Tengyuan Liang (The University of Chicago)
Title: Universal Prediction Band, Semi-Definite Programming and Variance Interpolation

We propose a computationally efficient method to construct nonparametric, heteroscedastic prediction bands for uncertainty quantification, with or without any user-specified predictive model. Our approach provides an alternative to the now-standard conformal prediction for uncertainty quantification, with novel theoretical insights and computational advantages. The data-adaptive prediction band is universally applicable with minimal distributional assumptions, has strong non-asymptotic coverage properties, and is easy to implement using standard convex programs. Our approach can be viewed as a novel variance interpolation with confidence and further leverages techniques from semi-definite programming and sum-of-squares optimization. Theoretical and numerical performances for the proposed approach for uncertainty quantification are analyzed.

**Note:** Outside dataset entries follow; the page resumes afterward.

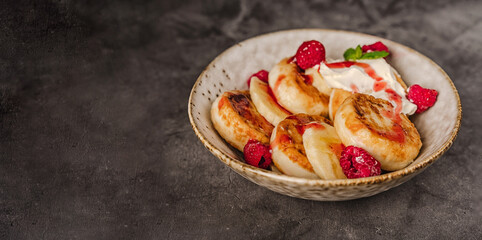 Delicious cottage cheese pancakes in a ceramic plate with yogurt and raspberries on a dark background 
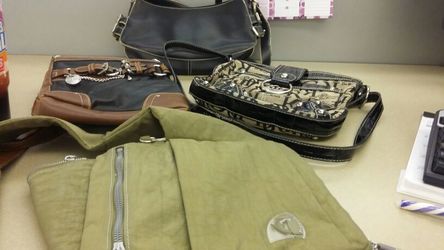Lot of purses and a bag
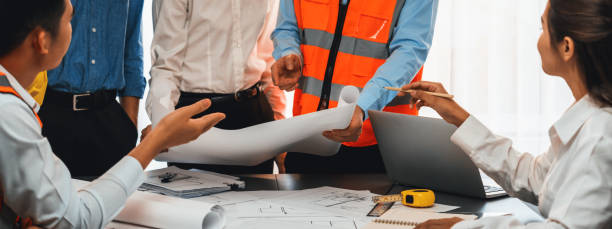 istock Engineer partner drawing and working on blueprint design together. Insight 1909889581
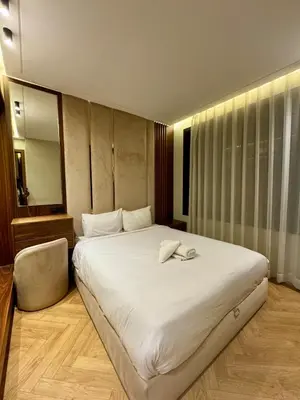 a bedroom with a large white bed and a mirror at CYPRessa Loft - Nature and Serenity - Corniche Access in Casablanca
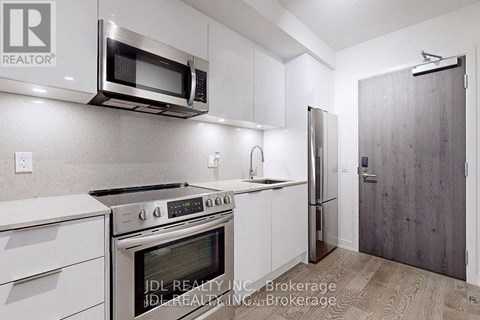 A kitchen with white cabinets and stainless steel appliances.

Masaaki Imaizumi (The University of Tokyo)
Title: Stability of Deep Network Estimator for Nonparametric Regression with Adversarial Training

We study the stability of an estimator for the nonparametric regression problem by deep neural networks and adversarial training. Several studies show that deep neural networks give estimators for the nonparametric problem which theoretically outperforms conventional estimators in a specific setting. A limitation of the estimator by deep networks is stability: its convergence is measured by a restricted class of norms. In this study, we consider the adversarial training for deep networks and develop an estimator for the nonparametric regression problem. We investigate its efficiency by the minimax optimization scheme and derive several convergence rates with different norms. We also discuss an application based on the result.
12:15-13:45 Lunch break

Taiji Suzuki (University of Tokyo)
Title: Effect of feature learning ability of neural networks for high dimensional input

In this talk, we discuss the benefit of adaptivity or the feature learning ability of deep learning especially for high dimensional (or even infinite dimensional) input. This talk consists of two parts:
 (1) learning ability of neural network for infinite dimensional input with anisotropic smoothness, and
 (2) feature learning by one step gradient descent in high dimensions.
In the first half, I will discuss the adaptivity of deep learning to the smoothness of the true function. Although the standard nonparametric convergence is exponentially affected by the input dimensionality, we prove that deep learning can avoid the curse of dimensionality when the true function has anisotropic smoothness, that is, it has different smoothness towards different directions. This yields superior performance of DNN compared to linear estimators including kernel methods. Interestingly, this argument can be extended to infinite dimensional input. In the second half, we analyze how gradient descent captures informative features and improves the generalization performance in a two-layer neural network. We show that the internal layer's feature "aligns" to the true function in the first few gradient steps, and precisely characterize the benefit of this alignment in the high-dimensional regime. We show that the ridge estimator on trained features has improved performance, and under large step size, the learned kernel may outperform many random features and rotationally invariant kernel models. This demonstrates that even one gradient step can lead to considerable advantage over the initial features.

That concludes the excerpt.